Your task >> Look in the data below for the line that has "Disney's The Little Mermaid II - PS1 Spill", then print exactly every line from there through the line that has "Motel de la Mer Napier Eksteriør bilde", leaving pictures out.

Data provided >>
^^^^^^^^

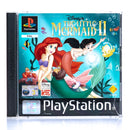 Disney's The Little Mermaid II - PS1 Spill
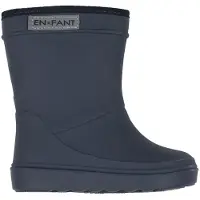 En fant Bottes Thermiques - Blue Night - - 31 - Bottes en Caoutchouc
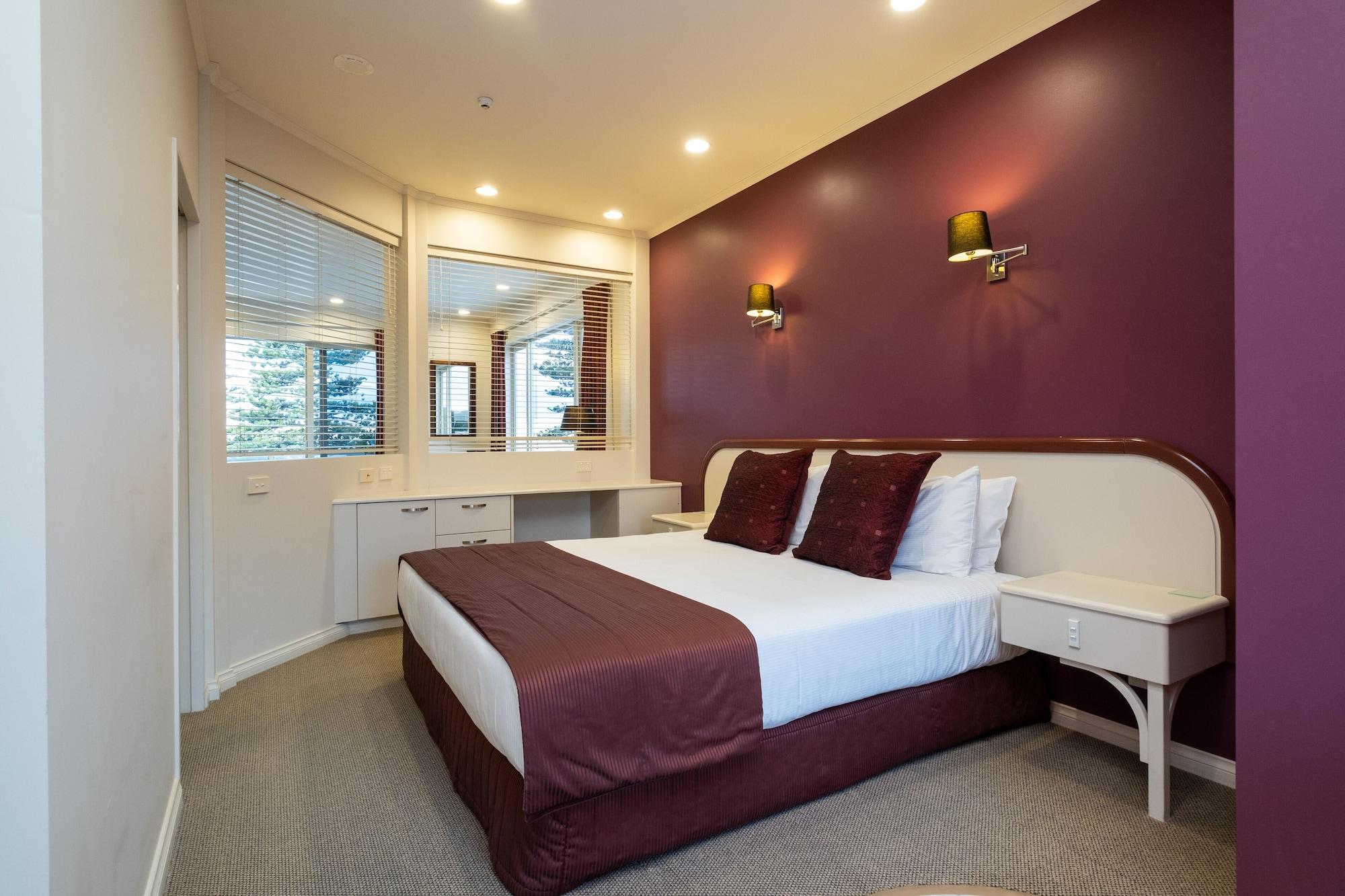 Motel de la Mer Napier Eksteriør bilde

^^^^^^^^

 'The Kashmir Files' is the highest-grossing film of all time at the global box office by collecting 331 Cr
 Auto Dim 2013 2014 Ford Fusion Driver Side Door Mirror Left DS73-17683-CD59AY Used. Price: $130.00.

^^^^^^^^

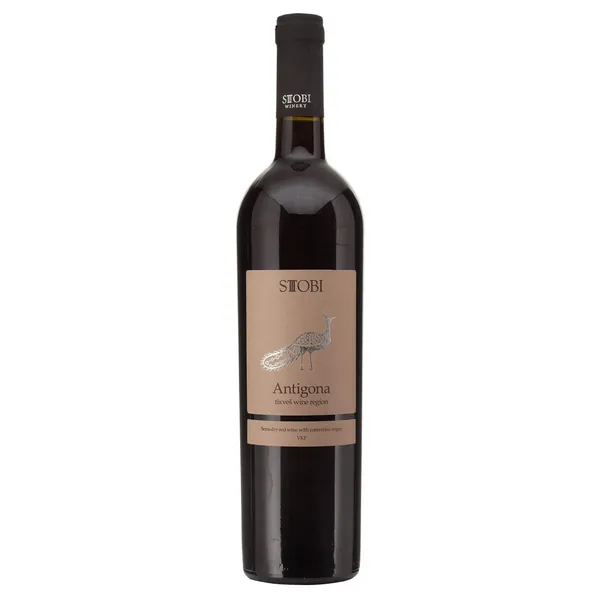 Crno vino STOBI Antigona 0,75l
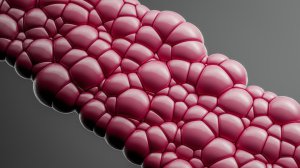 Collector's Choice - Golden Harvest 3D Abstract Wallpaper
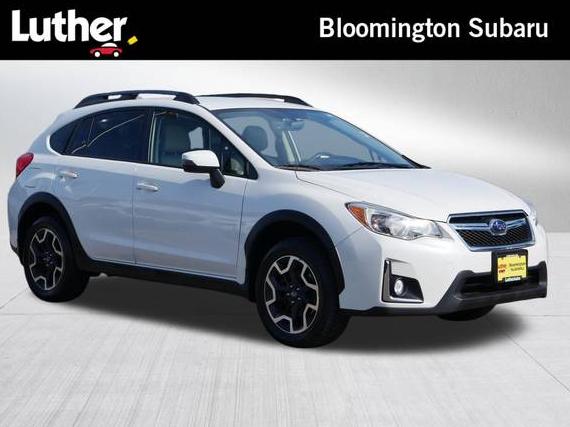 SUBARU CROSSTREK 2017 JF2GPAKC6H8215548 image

^^^^^^^^

Your solution >>
 Disney's The Little Mermaid II - PS1 Spill
 En fant Bottes Thermiques - Blue Night - - 31 - Bottes en Caoutchouc
 Motel de la Mer Napier Eksteriør bilde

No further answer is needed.